Za winnego sąd uznał również Macieja Wąsika, byłego wiceszefa CBA i także skazał go na trzy lata więzienia.
Z kolei Grzegorz Postek, były dyrektor Zarządu Operacyjno-Śledczego CBA, został skazany na dwa lata i sześć miesięcy więzienia i 10 lat zakazu pełnienia funkcji publicznych.
- To sygnał dla wszystkich, którzy chcą wręczać i przyjmować łapówki, że mogą to robić. Natomiast dla tych, którzy ścigają przestępców - to sygnał, że poniesiecie karę, bójcie się - powiedział po ogłoszeniu wyroku poseł PiS Bartosz Kownacki.
Prokurator Bogusław Olewiński wnosił o ukaranie byłego szefa CBA Mariusza Kamińskiego. Chciał dla niego kary roku więzienia w zawieszeniu na trzy lata, cztery lata zakazu pełnienia funkcji kierowniczych i kilka tysięcy zł grzywny. Żądał też podobnych kar dla jego trzech podwładnych: byłego wiceszefa CBA Macieja Wąsika oraz byłych dyrektorów Zarządu Operacyjno-Śledczego CBA Grzegorza Postka i Krzysztofa Brendela. Wyrok sądu jest zatem surowszy niż chciał prokurator.

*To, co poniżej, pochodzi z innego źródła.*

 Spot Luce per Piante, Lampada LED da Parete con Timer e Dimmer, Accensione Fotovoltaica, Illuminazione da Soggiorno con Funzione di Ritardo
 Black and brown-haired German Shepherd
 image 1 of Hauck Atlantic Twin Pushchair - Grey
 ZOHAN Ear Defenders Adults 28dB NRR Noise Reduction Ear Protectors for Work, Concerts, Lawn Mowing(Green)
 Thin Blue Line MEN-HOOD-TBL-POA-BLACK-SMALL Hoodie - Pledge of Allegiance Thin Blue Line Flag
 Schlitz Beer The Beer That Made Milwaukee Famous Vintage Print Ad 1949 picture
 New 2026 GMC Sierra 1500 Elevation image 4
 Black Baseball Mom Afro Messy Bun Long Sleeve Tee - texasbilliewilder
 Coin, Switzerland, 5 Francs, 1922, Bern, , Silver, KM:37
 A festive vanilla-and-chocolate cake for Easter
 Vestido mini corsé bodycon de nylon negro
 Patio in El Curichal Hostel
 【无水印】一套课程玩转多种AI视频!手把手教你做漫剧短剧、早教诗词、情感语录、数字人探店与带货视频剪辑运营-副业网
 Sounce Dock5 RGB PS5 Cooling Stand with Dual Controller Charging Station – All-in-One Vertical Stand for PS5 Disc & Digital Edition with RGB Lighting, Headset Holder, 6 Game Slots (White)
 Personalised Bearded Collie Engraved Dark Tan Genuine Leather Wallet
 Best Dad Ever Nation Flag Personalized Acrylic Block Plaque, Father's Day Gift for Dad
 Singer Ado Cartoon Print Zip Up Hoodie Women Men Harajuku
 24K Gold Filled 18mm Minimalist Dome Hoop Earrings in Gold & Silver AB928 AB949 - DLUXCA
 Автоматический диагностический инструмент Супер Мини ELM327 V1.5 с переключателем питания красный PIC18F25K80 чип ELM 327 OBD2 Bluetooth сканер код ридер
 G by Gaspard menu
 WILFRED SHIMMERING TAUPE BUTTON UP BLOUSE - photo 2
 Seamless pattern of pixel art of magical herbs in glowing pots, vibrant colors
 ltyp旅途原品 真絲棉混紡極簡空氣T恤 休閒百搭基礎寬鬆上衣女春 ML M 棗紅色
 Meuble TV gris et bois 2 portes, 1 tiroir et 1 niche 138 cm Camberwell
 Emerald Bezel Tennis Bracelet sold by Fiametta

Obrońcy domagali się uniewinnienia.
Wyrok jest nieprawomocny.
– Cały ten proces jest w mojej ocenie ogromnym nadużyciem wymiaru sprawiedliwości wobec Mariusza Kamińskiego i byłych funkcjonariuszy CBA. Sąd wyraził już swoją opinię i umorzył postępowanie bez robienia przewodu sądowego. Niestety, zdanie Sądu Okręgowego, który nakazał przeprowadzić ten proces, było inne. Prokurator, który się zażalił, teraz doprowadził ten proces do końca – mówił wcześniej portalowi niezalezna.pl Maciej Wąsik.